The Group Managing Director of United African Company (UAC), Fola Aiyesimoju has said that the company has had to increase prices by on average 75% to 100% to sustain profit margins.
Aiyesimoju said this during the investor call on the company’s financial performance in the first half of the year.
While responding to questions on how much the company has increased prices to protect margins, the Managing Director stated that the 75% to 100% increase varies across product categories.
He said, “The short answer across the board as you know we have so many products across different categories would be between 75% to 100% on average but it varies quite meaningfully the way you go about it say this product has increased by 75% to 100%.”
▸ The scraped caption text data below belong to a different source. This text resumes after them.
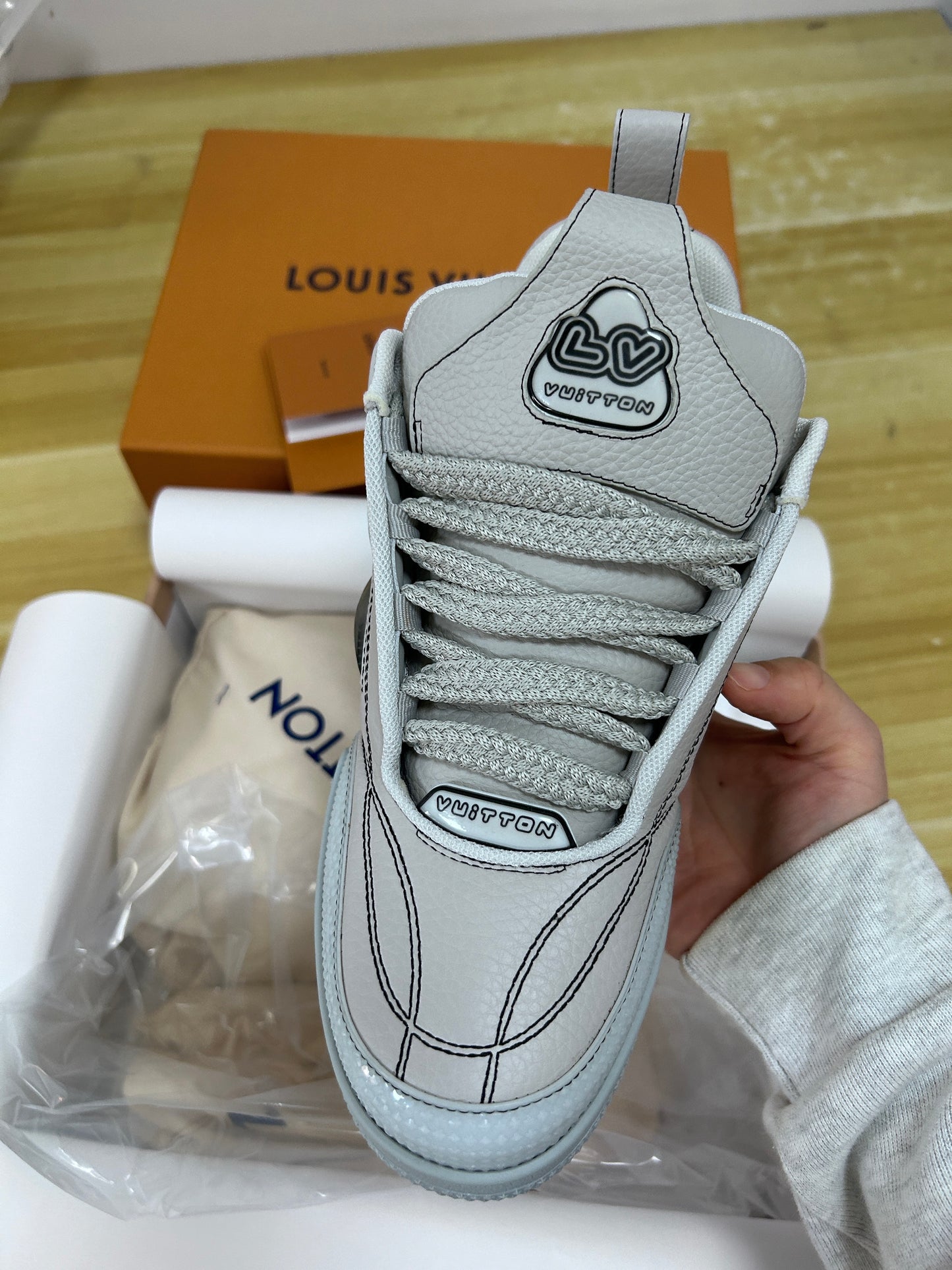 Sneakers LV Skate Grigia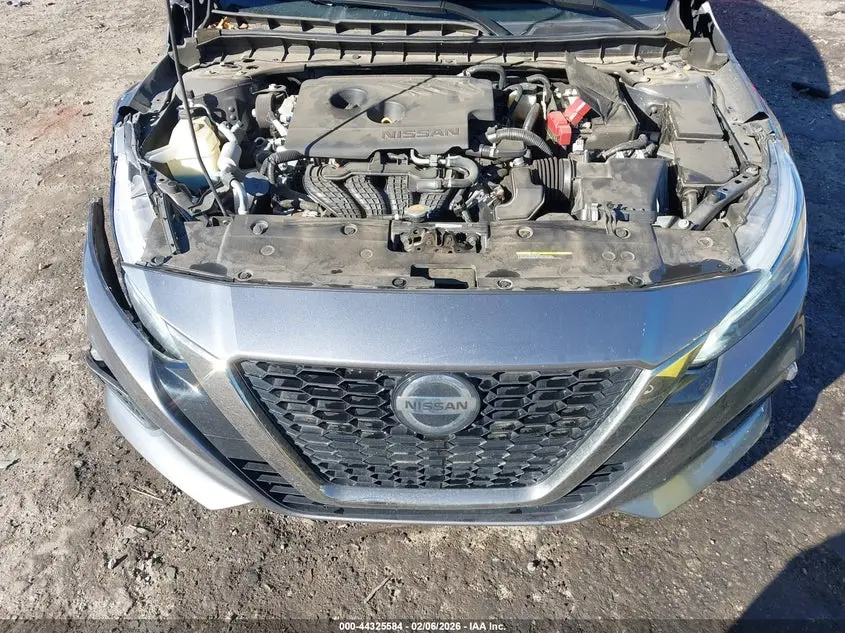 2020 NISSAN ALTIMA SR FWD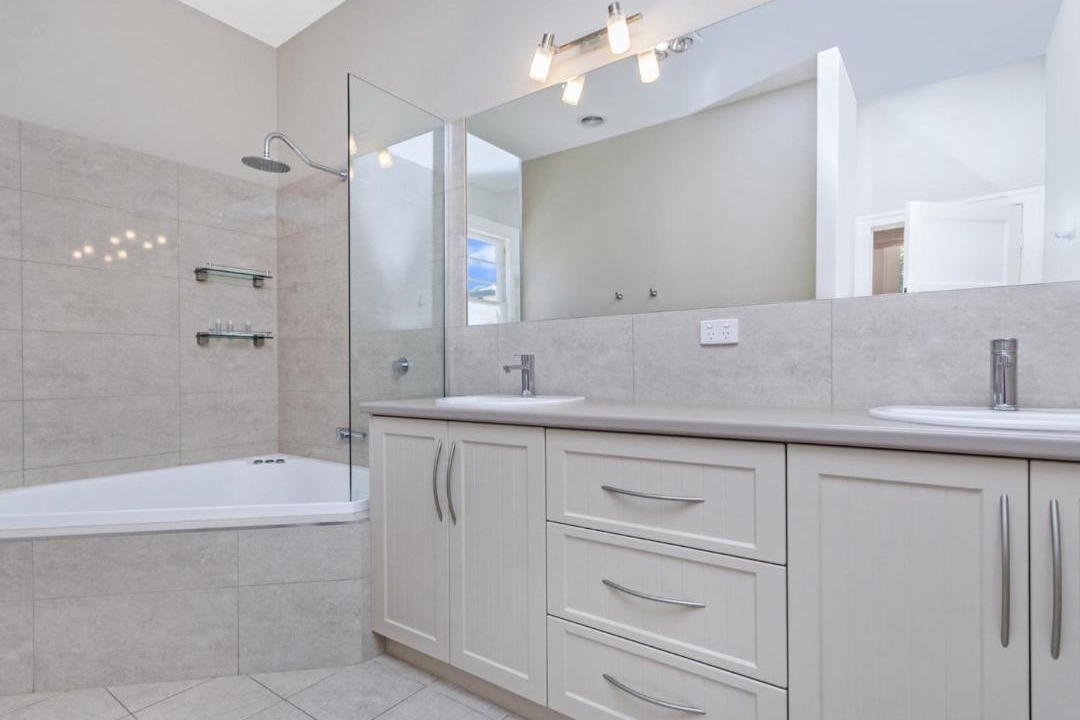 Photo of Bathroom in Warrnambool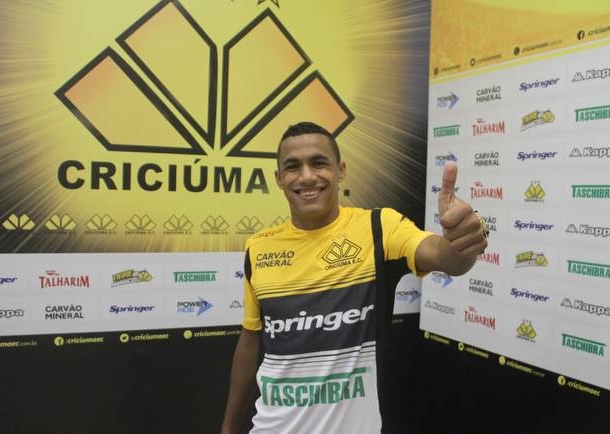Tigre apresenta novo lateral direito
In the first half of 2024, UAC Nigeria reported a pre-tax profit of N15 billion for the first half of 2024, reflecting a remarkable 373% increase compared to the N3.16 billion recorded during the same period in 2023.
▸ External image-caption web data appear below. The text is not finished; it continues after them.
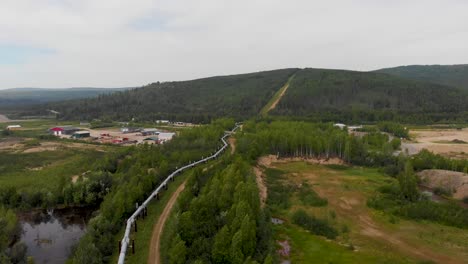 4K-Drohnenvideo-Der-Trans-Alaska-Pipeline,-Die-Unter-Der-Fahrbahn-In-Fairbanks,-Ak,-An-Einem-Sonnigen-Sommertag-Kreuzt-1
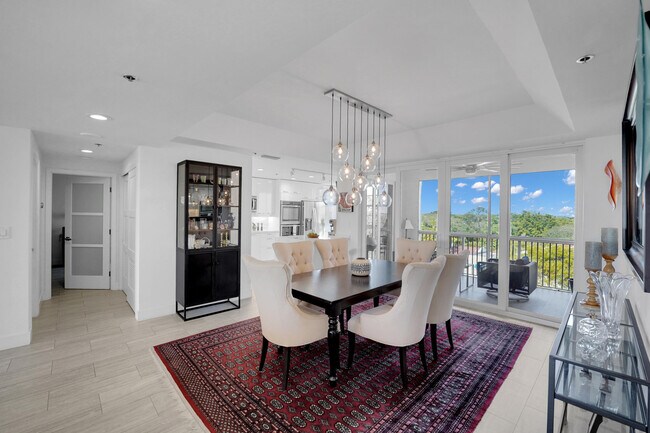 Building Photo - 4114 W Palm Aire Dr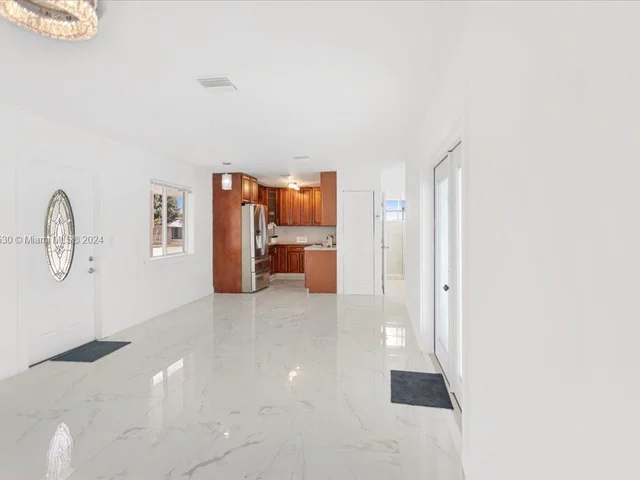 7801 Hope St, Hollywood FL 33024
The company’s financial statement for the period ending June 30, 2024, shows that revenue reached N83.3 billion, representing a 57.5% year-on-year growth from N52.9 billion in H1 2023. In the second quarter alone, UAC Nigeria posted a revenue of N42.7 billion, up 51% from the N28.3 billion reported in Q2 2023.
UAC Nigeria holds majority ownership in Grand Cereal Limited, Livestock Feeds, UAC Foods, Mr Biggs, Debonairs Pizza, and CAP Plc. Additionally, the group has minority stakes of 42.85% in UPDC Plc and 43% in MDS Logistics.
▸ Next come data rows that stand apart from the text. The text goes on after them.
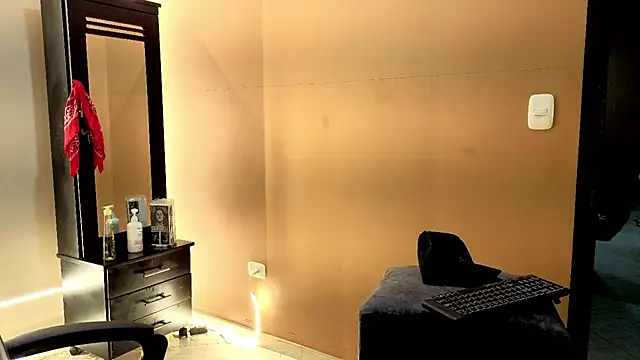دردشة LeoTease الجنسية المباشرة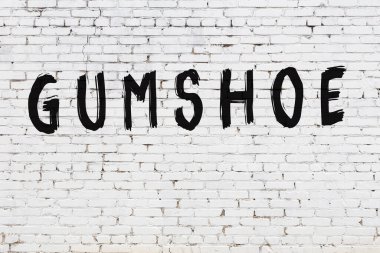 Üzerinde siyah boya resmi olan beyaz bir duvar.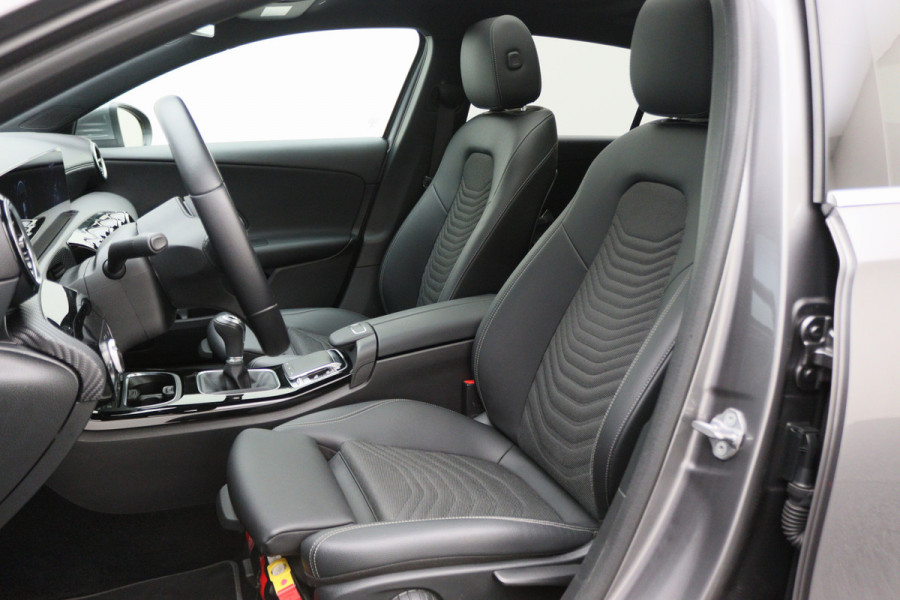 Mercedes-Benz A-Klasse 180 Premium Panoramadak, Navigatie, Camera, LED, Climate, PDC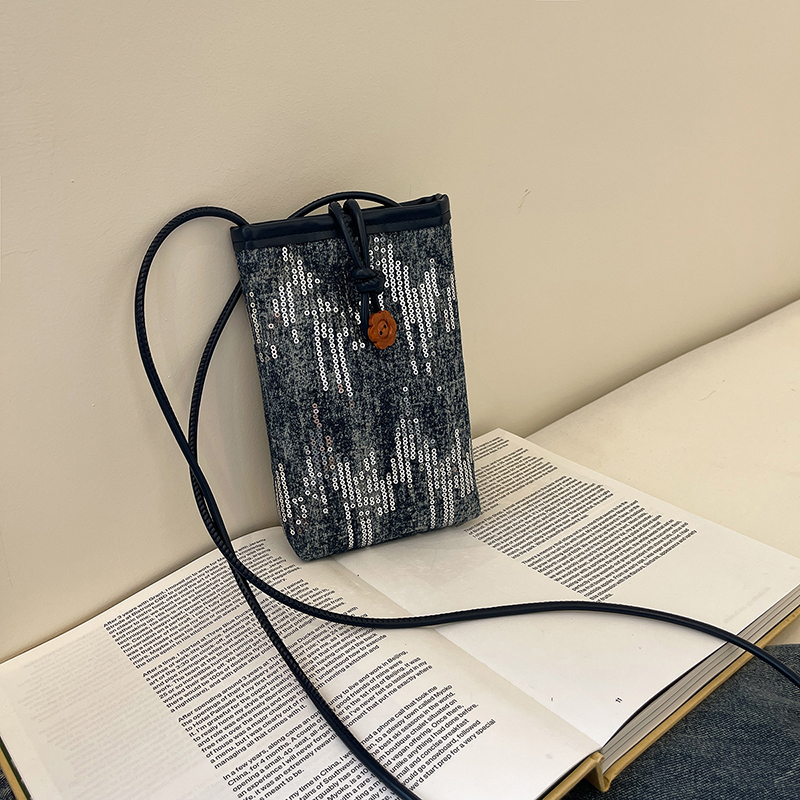 2025 Summer Mini Handbag for Women - Versatile High-End Crossbody Bag in National Style for Phones and Essentials 2025 Summer Mini Handbag for Women - Versatile High-End Crossbody Bag in National Style for Phones and Essentials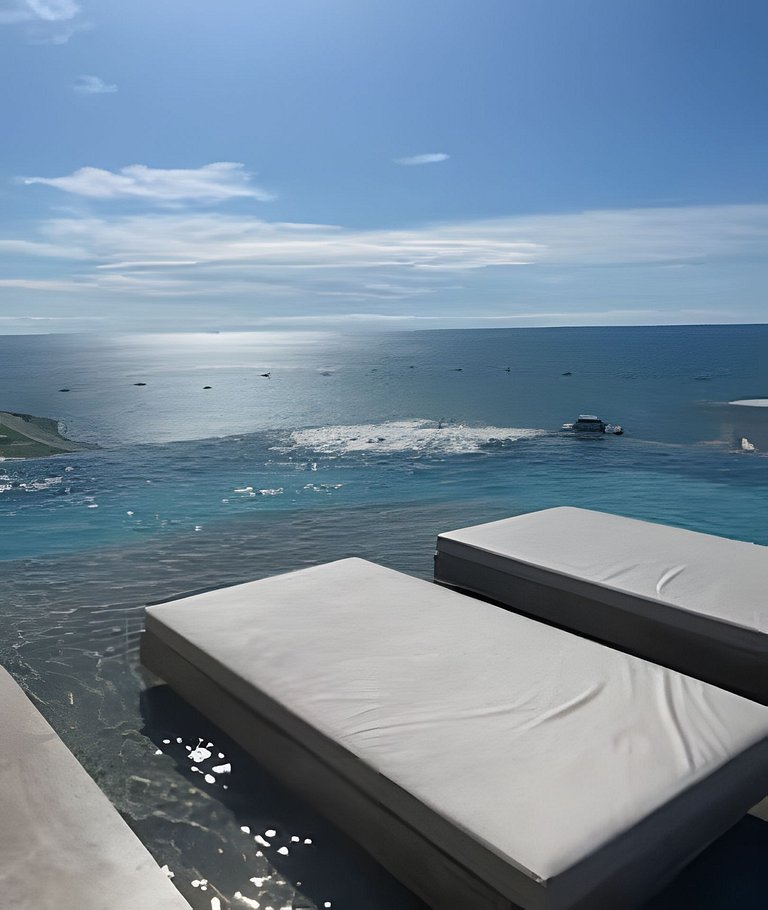 Brand New Apt Pool & City Views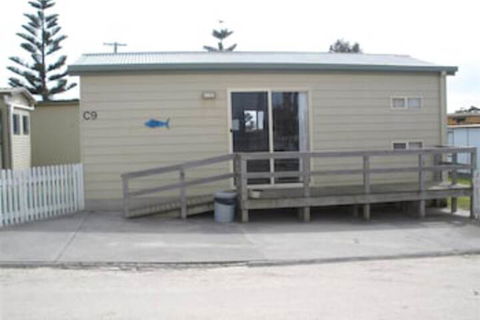 Hillcrest Tourist Park - New Castle Holiday 2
Together, UPDC Plc and MDS Logistics generated a net profit of N1.18 billion in the first half of the year, with UAC’s share amounting to N475.4 million.
In the past one year, inflation in Nigeria has risen to a 28-year high with the consumer goods section the worst hit as food inflation soared to 40% as of June 2024. In response to this, major consumer goods brands from beverages to food and household products have been forced to adjust prices to mitigate against eroding profit margins.
A recent report by NielsenIQ shows that Nigeria’s Fast-Moving Consumer Goods (FMCG) market experienced a 17.4% drop in transaction volumes this year, as consumers grapple with rising costs. The report, which analysed market performance and consumer behaviour up to March 2024, highlighted a deeper decline compared to the 4% reduction seen in 2023.
In response to the crisis, the federal government has implemented social intervention initiatives, including cash transfers, low-interest loans for businesses—particularly manufacturers—and grants to support MSMEs and other sectors.